Иллюстрация: Ольга Громова
Иллюстрация: Ольга Громова

Если бы я был не я, вероятно, я бы себя ненавидел – то есть людей, активно меня не любящих, я понять могу. Это скорее любящие вызывают у меня вопросы, а то и подозрения. Но чего я вовсе не могу понять – это готовности некоторых людей прощать меня за школу.

Во-первых, не совсем понятно, что они должны мне прощать. Я перед этими далекими незнакомцами решительно ни в чем не виноват, просто нам повезло существовать одновременно. И уж вовсе неясно, почему преподавание в школе перевешивает в глазах этих людей все прочие мои недостатки вроде многописания, оппозиционности, еврейства, комплекции или симпатии к традиционному рифмованному стиху. Некоторые до сих пор думают, что можно преподавать в школе из теоретического желания сделать добро. Товарищи, клянусь вам, что это совершенно невозможно. Это так же немыслимо, как из желания вести здоровый образ жизни вдруг взять да и прыгнуть с трамплина. Преподавание в школе – единственное, что я делаю ради чистого наслаждения, вдобавок с сознанием смысла. Относительно смысла оппозиционной деятельности, скажем, у меня большие сомнения. Относительно смысла журналистики давно уже никаких сомнений нет. Но школа – это вещь полезная, и результат моей деятельности здесь виден: долго молчавший и совершенно, казалось бы, равнодушный верзила изрекает вдруг свежую и ценную мысль, забитый и презираемый сверстниками ребенок завоевывает авторитет точностью и догадливостью, девушка с ветром в голове читает Достоевского и на многое начинает смотреть иначе, а девушка с Достоевским в голове читает Аксенова и начинает смотреть на вещи проще.

Я всем бы рекомендовал школу – что знаете, то и преподавайте, – но это настолько же не для всех, как и горные лыжи, и серфинг, и любой другой экстрим. Чтобы преподавать в школе, надо, во-первых, что-нибудь знать – хотя бы в тех пределах, в которых я знаю историю русской литературы, а во-вторых, уметь об этом интересно рассказывать. Некоторые профессиональные учителя – специалист всегда подобен флюсу и страстно гордится этой флюсообразностью – регулярно предъявляют мне претензии: в Сети лежит видеозапись двух моих уроков и нескольких лекций, и они корят меня недостаточной активностью класса, отсутствием базовых методических знаний и тысячи секретных приемчиков, которые им-то уж, конечно, известны. ­Проблема в том, что мне они известны тоже. Всю жизнь я вынужден оправдываться за то, что умею рассказывать. При этом я умею и спросить, если надо, но опросы в Сеть не выкладываю. Это же дети, их родители не давали гостям школы права снимать учащихся и выкладывать видео куда попало.

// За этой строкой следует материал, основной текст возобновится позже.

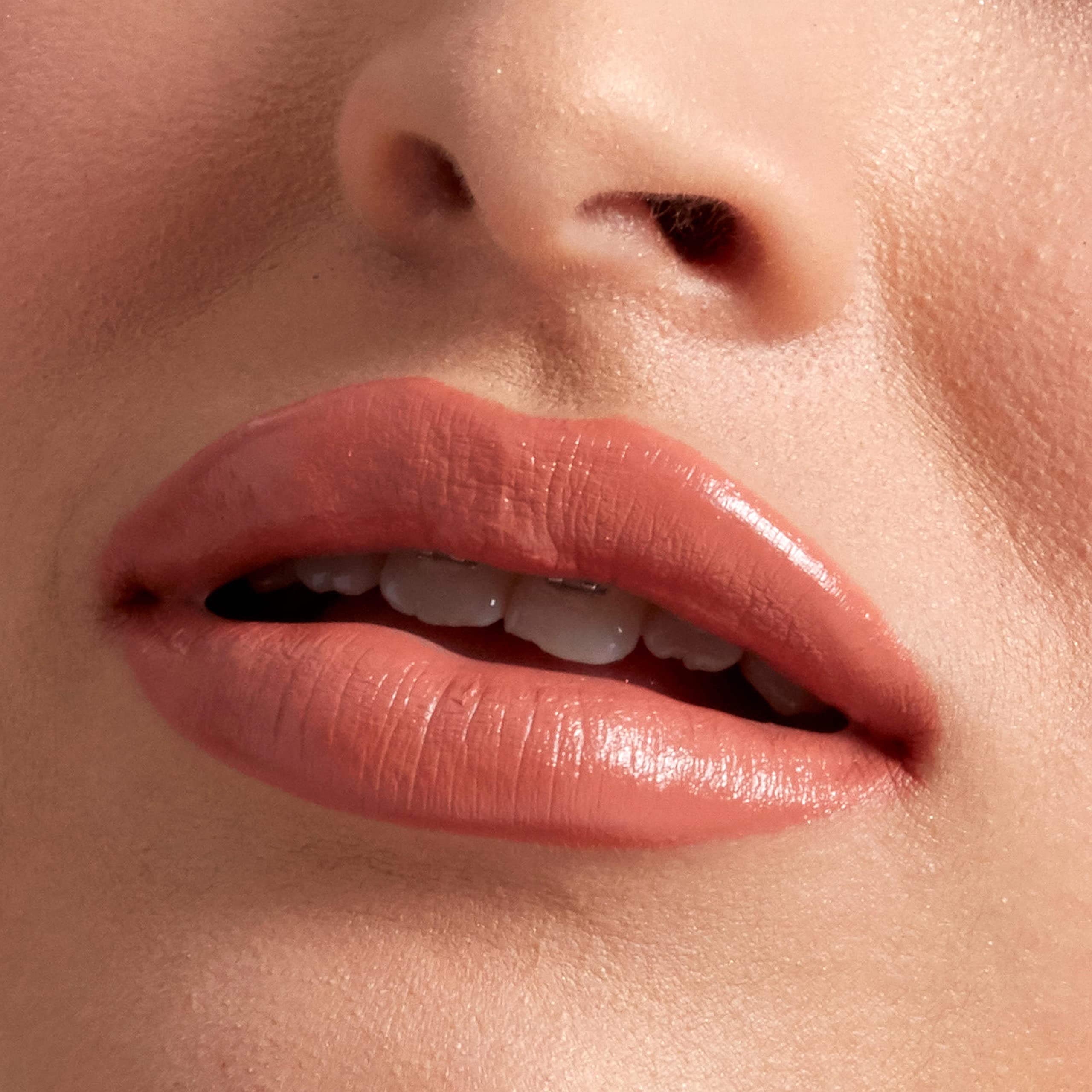 NYX PROFESSIONAL MAKEUP Shout Loud Satin Lipstick, Infused With Shea Butter - A La Mode (Yellow Nude)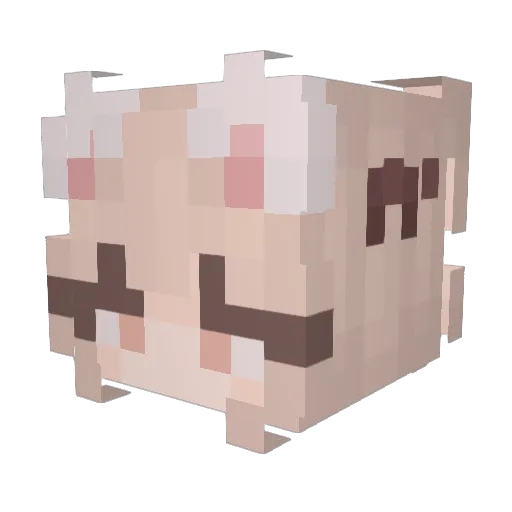 Red13887 Minecraft avatar head, 3D render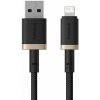 Baseus P10377801U01-00 USB/Lightning, 2.4A, 1m, černý, zlatý Baseus P10377801U01-00 USB/Lightning, 2.4A, 1m, černý, zlatý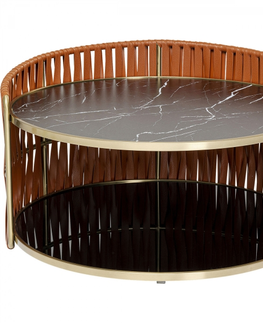 Konferenční stolky KARE Design Konferenční stolek Copper Ø86cm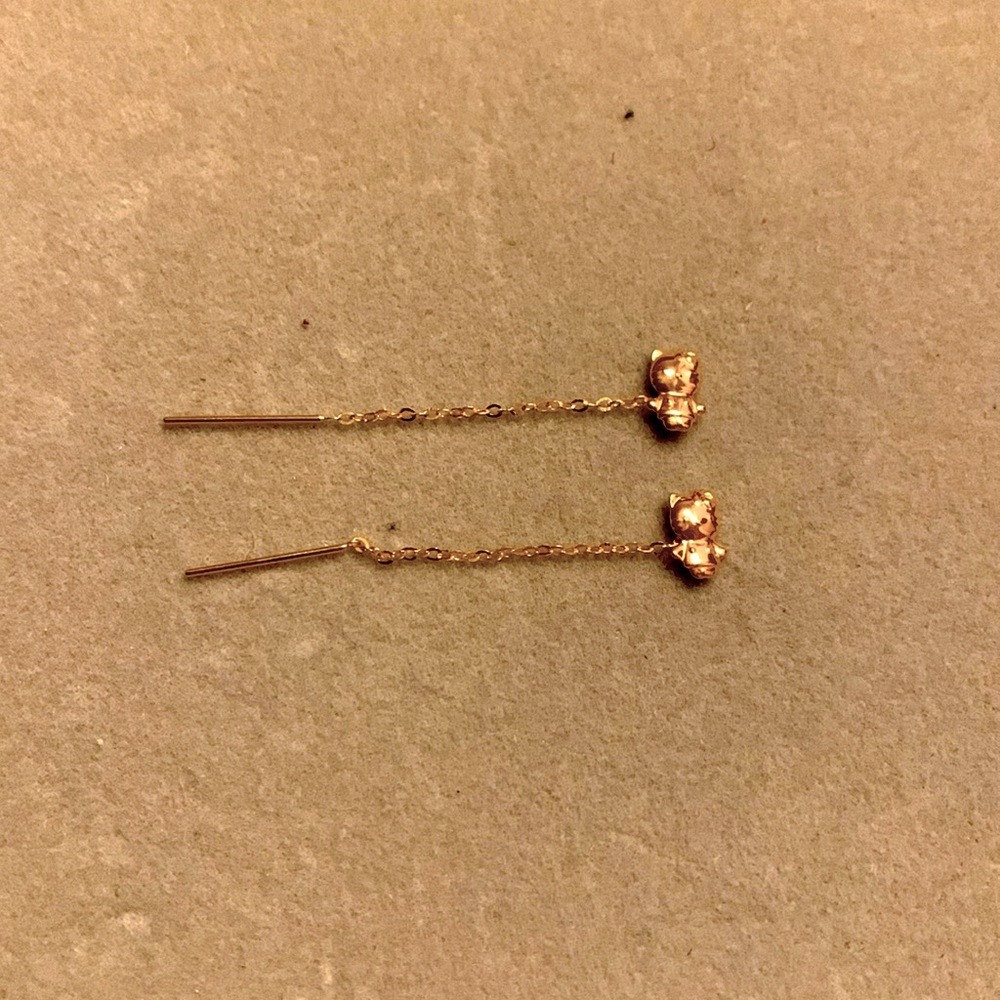 18K Gold Tictac Earring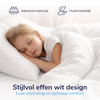 Decoware peuter dekbedovertrek uni - wit - katoen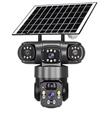 OKam O-Kam 5220 9MP 3 Lens Sirenli Solar Wifi PTZ Kamera Güvenlik Kameraları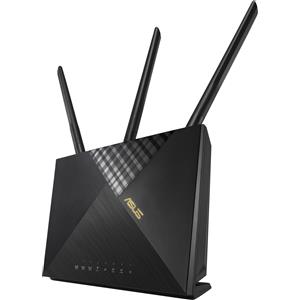 ASUS 4G-AX56 Router Wireless 4G Wi-Fi 6 Dual-band Gigabit Ethernet 5 porte LAN Nero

Вот и все, что нужно: знать – и сделать так, чтобы, пока вы рассказываете, в вас не плевали жеваной бумагой. Впрочем, в одном трудном классе был у меня и такой случай. К счастью, дело было в кабинете географии. Все были вооружены трубочками. Я сказал: вот надо мной карта Европы. Кто попадет в Бельгию, ставлю пятерку немедленно. Не попал никто. Половина плохо целилась, а вторая половина не знала, где Бельгия.

Почему, собственно, я работаю в школе и какое удовольствие в этом нахожу? Во-первых, у меня так называемое артикуляционное мышление, как поименовала его в поденных записях Лидия Гинзбург: мысль приходит в процессе разговора, и какие-то важные вещи про литературу я зачастую понимаю именно в процессе разговора. Во-вторых, люди, полагающие, будто в школе может работать только мазохист или педофил, сильно недооценивают положительный эффект от общения со старшеклассниками. В период реакции никто никого обычно не любит, страна оголтело набрасывается на любого, кто хоть как-то отделяется от пейзажа. Это нормально, к этому легко привыкнуть, этот пресс давит сегодня на всех – но, братцы, какое счастье на этом фоне приходить хоть раз в неделю туда, где тебе рады! Не поручусь за МГИМО, где читаю лекции, но в школе меня радостно приветствуют пятьдесят человек, и они от меня совершенно не зависят, потому что какая власть у школьного учителя литературы? ЕГЭ они сдадут и без меня, мое отношение тут ничего не меняет; меньше четверки я ставлю крайне редко, и это уж принцип, потому что если школьник вообще не может прочитать книгу – это болезнь, а кроме чтения и обдумывания на уроке литературы ничего не требуется. В общем, наша с ними взаимная ­приязнь почти бескорыстна – с той лишь поправкой, что некоторые их соображения я люблю (обычно со ссылкой) употребить в статье или на лекции. Все-таки им присущ превосходный, свежий и ясный взгляд на литературу – а наш взгляд на нее замылен еще с советских времен.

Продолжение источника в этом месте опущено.